When the peripheral hormones are present in an adequate amount, they act upon the hypothalamus and pituitary so that these slow down the production of their hormones, and with this, the quantity of peripheral hormones decreases. This mechanism is called negative feedback, and ensures that the quantity of circulating hormone is adequate, neither excessive nor insufficient.
Types of pituitary tumour
It can be classified:
- Depending on the size. They are classified as micro-adenomas (when they measure 10 mm or less) or macro-adenomas (they measure more than 10 mm).
- Depending on their capacity to produce hormones. They can be classified into functioning and non-functioning. The non-functioning adenomas do not produce hormones and, in general, the symptoms arise from the growth of the tumour and the compression of the neighbouring structures, or to the decrease in the normal production of the pituitary hormones. The functioning adenomas produce one or several pituitary hormones, and the symptoms are associated with the excessive production of the hormone, as well as also having symptoms arising from the growth of the tumour and the compression of the neighbouring structures. The functioning adenomas can be classified depending on the hormone that they produce:
- Prolactinoma. Is the most common functioning adenoma. It is due to an increase in the secretion of prolactin. It is clinically manifested in women with a change in menstrual rhythm, galactorrhoea (spontaneous flow of milk from the breast) and a decrease in libido. In males it is associated with a decrease in sexual desire and erectile dysfunction.

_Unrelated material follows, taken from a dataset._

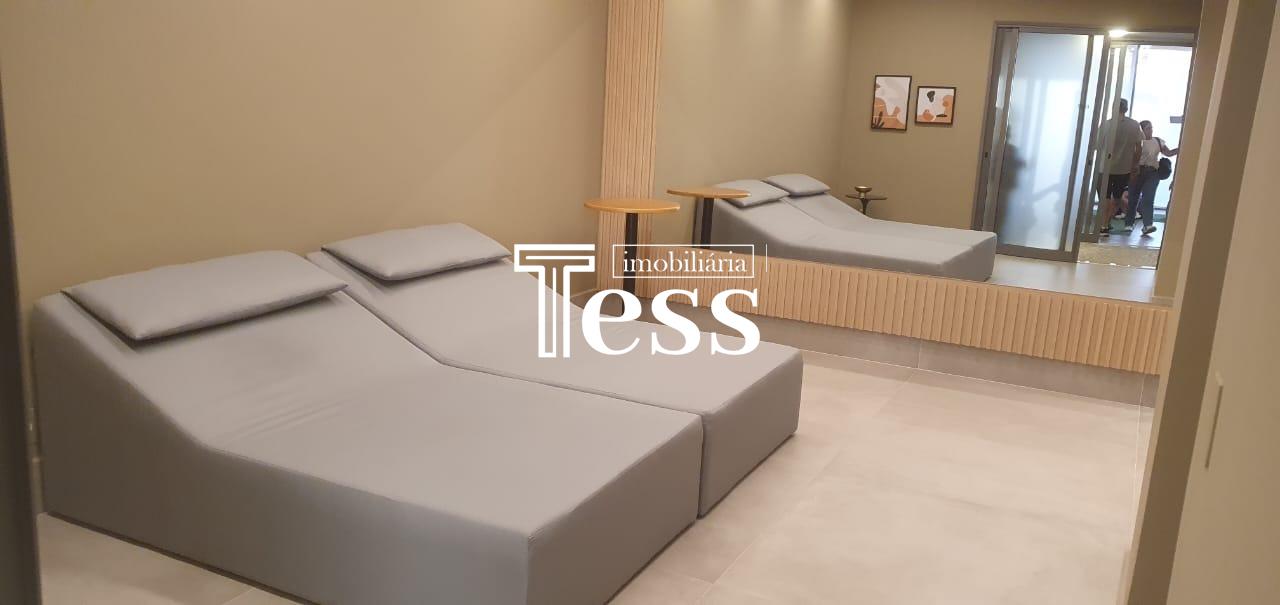 Apartamento com 3 quartos à venda, 98m² — foto 13 de 22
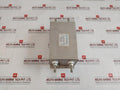 Oky Gt2Aa-2300 Emi/Emc Filter 250V- 300A 50/60Hz 25/85/21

- Somatotropinoma. It is due to an excess in the production of growth hormone, and is the causing factor of acromegaly when it appears in the adult, or gigantism when it appears in infants (the growth cartilages are open). The symptoms can be progressive, which can delay the diagnosis. The most characteristic are the gradual increase in the size of the hands, feet, and the jaw, with the appearance of coarse features (need to change shoe size, the rings or hats that before fitted well do not fit anymore…), growth of lips and nose, increased sweating, tendency to snore…
- Thyrotropinoma. They are thyrotropin (TSH) producing adenomas, giving rise clinically to hyperthyroidism due to the excessive production of thyroxin. They are very uncommon.
- Corticotropinoma. Also known as Cushing’s disease, and it is due to an excess in the production of corticotropin, or adrenocorticotropic hormone (ACTH). Clinically, affected individuals tend to gain weight, with round or “moon face”, appearance of dark-red stretch marks, hypertension, diabetes, osteoporosis…
- According to the level of invasion of neighbouring structures. As regards the level of invasion of the cavernous sinus, the tumours are classified into four Knosp grades, with 0 being the grade in which there is no invasion of the cavernous sinus, and grade 4 in which the tumour completely surrounds the carotid.
How many people are affected by a pituitary tumour?
Causes of Pituitary Tumours
They are sporadic in 95% of cases and the cause is unknown. The remaining 5% have a genetic cause, and are produced due to complex familial syndromes, such as multiple endocrine neoplasia types 1 and 4, Carney complex, or familial isolated pituitary adenomas (FIPA).